She was dark skinned with an unassuming face and short brown hair. She wore coral shorts with her legs holding on to a standing bike. She was sitting in between two other passengers.
I remember the air conditioning blasting on the subway that day, and New Yorkers were doing what they did best, minding their own business. I noticed this woman sniffling across from me, which I presumed was the the result of allergies or the cold.
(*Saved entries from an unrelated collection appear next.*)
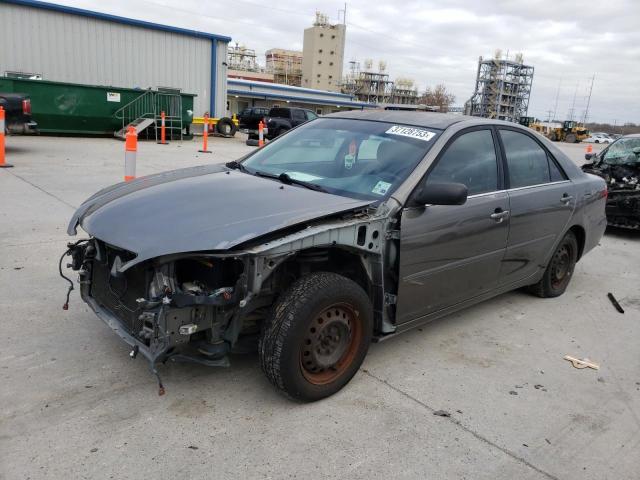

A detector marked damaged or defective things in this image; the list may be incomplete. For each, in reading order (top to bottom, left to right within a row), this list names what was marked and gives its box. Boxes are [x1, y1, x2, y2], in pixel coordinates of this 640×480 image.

rusty wheel rim [298, 302, 360, 384]
damaged gray sedan [62, 110, 608, 400] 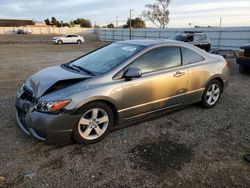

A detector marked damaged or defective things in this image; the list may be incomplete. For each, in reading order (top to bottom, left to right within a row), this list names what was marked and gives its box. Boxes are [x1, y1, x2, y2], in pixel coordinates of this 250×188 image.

crumpled hood [24, 65, 90, 97]
damaged front bumper [15, 87, 80, 143] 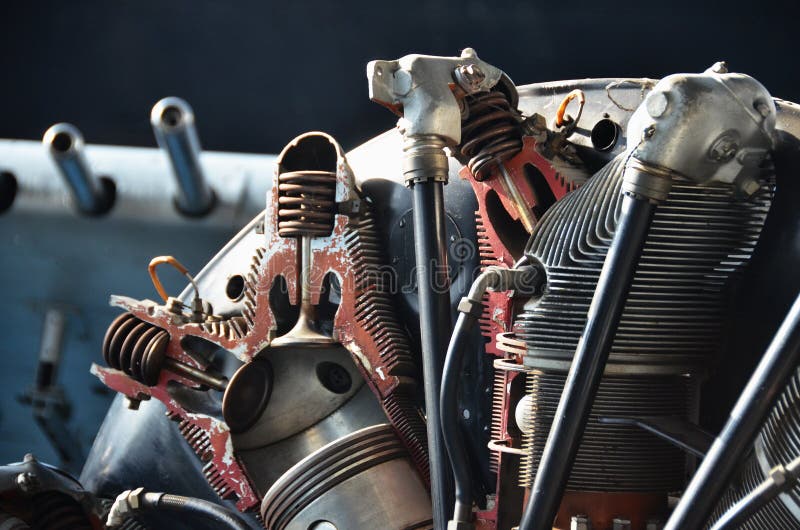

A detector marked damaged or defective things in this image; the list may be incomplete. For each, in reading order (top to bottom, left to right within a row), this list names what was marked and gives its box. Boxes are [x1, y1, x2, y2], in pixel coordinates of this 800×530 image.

rusty metal part [460, 90, 520, 179]
rusty metal part [276, 170, 336, 236] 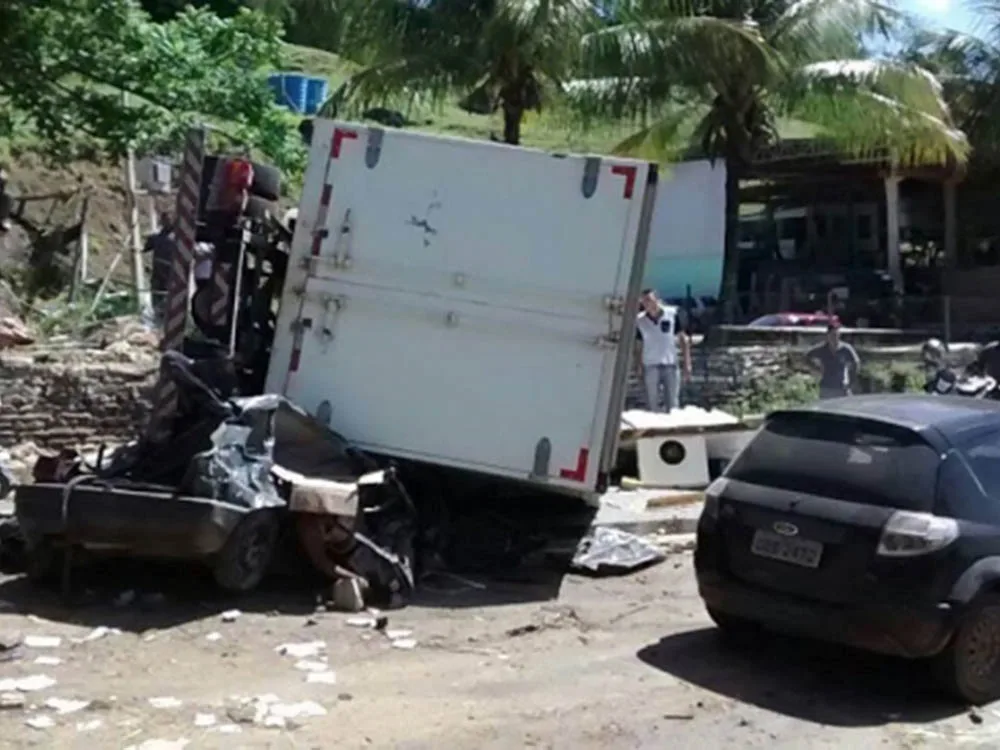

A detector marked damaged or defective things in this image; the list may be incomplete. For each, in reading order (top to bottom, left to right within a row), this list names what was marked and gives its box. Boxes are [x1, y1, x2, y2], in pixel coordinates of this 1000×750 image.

overturned truck [15, 122, 660, 600] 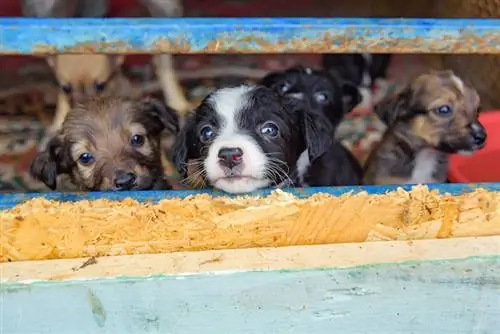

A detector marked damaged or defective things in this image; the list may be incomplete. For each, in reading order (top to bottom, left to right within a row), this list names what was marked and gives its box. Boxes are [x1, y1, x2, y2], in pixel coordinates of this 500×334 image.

peeling blue paint [2, 17, 500, 53] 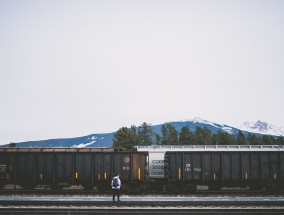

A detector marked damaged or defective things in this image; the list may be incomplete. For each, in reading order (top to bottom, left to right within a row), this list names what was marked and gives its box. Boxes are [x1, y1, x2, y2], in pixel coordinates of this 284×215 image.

rusty train car [0, 148, 148, 191] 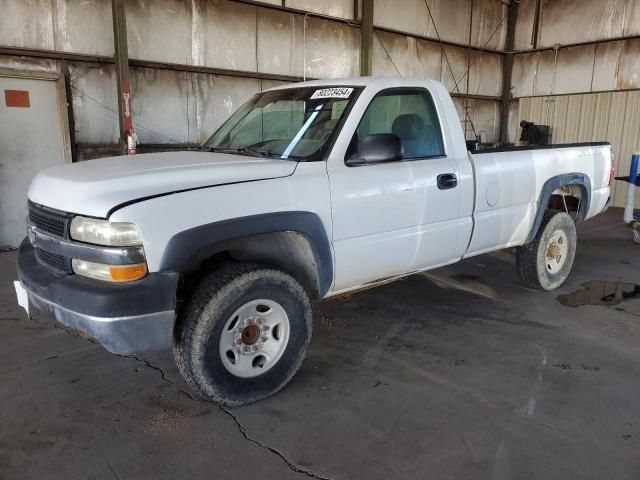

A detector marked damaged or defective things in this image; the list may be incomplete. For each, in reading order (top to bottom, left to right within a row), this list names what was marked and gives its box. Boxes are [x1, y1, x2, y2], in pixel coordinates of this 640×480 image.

cracked pavement [1, 210, 640, 480]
Then I noticed her watery eyes and I kept watching out of curiosity. She held her gaze steadily in front of her, fixed on one spot, concentrated. You could just tell she was trying so hard not to cry. But it was useless, because tears started falling down her face. She wiped them up quickly, looked around, and hoped no one saw her. But it was too late. I had noticed, and everyone else sitting around her noticed. Soon enough, her eyes welled up again, and this time she just gave up. She let herself cry. She couldn’t fight it anymore.
No one knew what to do. She was crying with so much pain, it seemed like the best thing to do was to just let her cry. She must’ve been holding them back for a while. We all felt her pain and we all recognized ourselves in her at that moment.
I wondered what this woman was going through. What causes someone to breakdown in the middle of a subway ride? Maybe she just lost someone really important? A family member, a lover, or a dear friend? I will never know, but I truly admired her strength and courage to be so vulnerable in front of a cart full of strangers.
Right before I left, I saw a man get up and handed her tissues. He didn’t say anything but just smiled, and she looked up, smiled, and accepted the tissues.
She was the bravest woman I’ve ever seen on the New York subway.